=== Begin Enclosure ===
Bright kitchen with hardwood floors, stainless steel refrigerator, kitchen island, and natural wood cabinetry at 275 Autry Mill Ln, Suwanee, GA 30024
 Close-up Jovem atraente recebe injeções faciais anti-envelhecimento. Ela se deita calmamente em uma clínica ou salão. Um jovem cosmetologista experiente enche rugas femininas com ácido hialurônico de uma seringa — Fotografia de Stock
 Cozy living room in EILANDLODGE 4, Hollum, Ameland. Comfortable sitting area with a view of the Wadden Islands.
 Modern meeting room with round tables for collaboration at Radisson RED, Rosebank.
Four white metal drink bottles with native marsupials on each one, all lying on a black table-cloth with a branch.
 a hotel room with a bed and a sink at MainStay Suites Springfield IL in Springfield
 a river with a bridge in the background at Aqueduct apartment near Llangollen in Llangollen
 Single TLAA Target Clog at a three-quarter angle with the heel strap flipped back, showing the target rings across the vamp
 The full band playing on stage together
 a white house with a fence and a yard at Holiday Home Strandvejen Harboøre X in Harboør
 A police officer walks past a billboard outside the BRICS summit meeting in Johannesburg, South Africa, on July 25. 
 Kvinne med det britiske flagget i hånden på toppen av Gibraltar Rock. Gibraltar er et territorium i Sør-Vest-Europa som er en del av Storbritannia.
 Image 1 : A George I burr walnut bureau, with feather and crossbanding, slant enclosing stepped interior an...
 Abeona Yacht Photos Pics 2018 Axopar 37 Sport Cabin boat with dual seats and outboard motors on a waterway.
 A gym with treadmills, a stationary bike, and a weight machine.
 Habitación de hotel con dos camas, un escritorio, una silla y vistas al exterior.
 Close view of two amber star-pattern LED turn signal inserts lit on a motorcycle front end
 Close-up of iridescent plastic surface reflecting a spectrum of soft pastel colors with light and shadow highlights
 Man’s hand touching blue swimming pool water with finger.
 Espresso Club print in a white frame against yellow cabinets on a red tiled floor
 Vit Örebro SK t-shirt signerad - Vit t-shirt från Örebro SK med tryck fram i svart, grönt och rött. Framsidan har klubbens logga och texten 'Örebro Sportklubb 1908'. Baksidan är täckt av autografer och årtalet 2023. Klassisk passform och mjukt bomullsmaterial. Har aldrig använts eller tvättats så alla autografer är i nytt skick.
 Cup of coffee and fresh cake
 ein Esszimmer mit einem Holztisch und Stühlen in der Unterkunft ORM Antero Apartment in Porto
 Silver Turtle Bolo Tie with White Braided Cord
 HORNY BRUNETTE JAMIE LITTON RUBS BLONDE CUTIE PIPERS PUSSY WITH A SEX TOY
=== End Enclosure ===
= TRY IT =
Every record above must be duplicated exactly.

= YOUR RESPONSE =
Bright kitchen with hardwood floors, stainless steel refrigerator, kitchen island, and natural wood cabinetry at 275 Autry Mill Ln, Suwanee, GA 30024
 Close-up Jovem atraente recebe injeções faciais anti-envelhecimento. Ela se deita calmamente em uma clínica ou salão. Um jovem cosmetologista experiente enche rugas femininas com ácido hialurônico de uma seringa — Fotografia de Stock
 Cozy living room in EILANDLODGE 4, Hollum, Ameland. Comfortable sitting area with a view of the Wadden Islands.
 Modern meeting room with round tables for collaboration at Radisson RED, Rosebank.
Four white metal drink bottles with native marsupials on each one, all lying on a black table-cloth with a branch.
 a hotel room with a bed and a sink at MainStay Suites Springfield IL in Springfield
 a river with a bridge in the background at Aqueduct apartment near Llangollen in Llangollen
 Single TLAA Target Clog at a three-quarter angle with the heel strap flipped back, showing the target rings across the vamp
 The full band playing on stage together
 a white house with a fence and a yard at Holiday Home Strandvejen Harboøre X in Harboør
 A police officer walks past a billboard outside the BRICS summit meeting in Johannesburg, South Africa, on July 25. 
 Kvinne med det britiske flagget i hånden på toppen av Gibraltar Rock. Gibraltar er et territorium i Sør-Vest-Europa som er en del av Storbritannia.
 Image 1 : A George I burr walnut bureau, with feather and crossbanding, slant enclosing stepped interior an...
 Abeona Yacht Photos Pics 2018 Axopar 37 Sport Cabin boat with dual seats and outboard motors on a waterway.
 A gym with treadmills, a stationary bike, and a weight machine.
 Habitación de hotel con dos camas, un escritorio, una silla y vistas al exterior.
 Close view of two amber star-pattern LED turn signal inserts lit on a motorcycle front end
 Close-up of iridescent plastic surface reflecting a spectrum of soft pastel colors with light and shadow highlights
 Man’s hand touching blue swimming pool water with finger.
 Espresso Club print in a white frame against yellow cabinets on a red tiled floor
 Vit Örebro SK t-shirt signerad - Vit t-shirt från Örebro SK med tryck fram i svart, grönt och rött. Framsidan har klubbens logga och texten 'Örebro Sportklubb 1908'. Baksidan är täckt av autografer och årtalet 2023. Klassisk passform och mjukt bomullsmaterial. Har aldrig använts eller tvättats så alla autografer är i nytt skick.
 Cup of coffee and fresh cake
 ein Esszimmer mit einem Holztisch und Stühlen in der Unterkunft ORM Antero Apartment in Porto
 Silver Turtle Bolo Tie with White Braided Cord
 HORNY BRUNETTE JAMIE LITTON RUBS BLONDE CUTIE PIPERS PUSSY WITH A SEX TOY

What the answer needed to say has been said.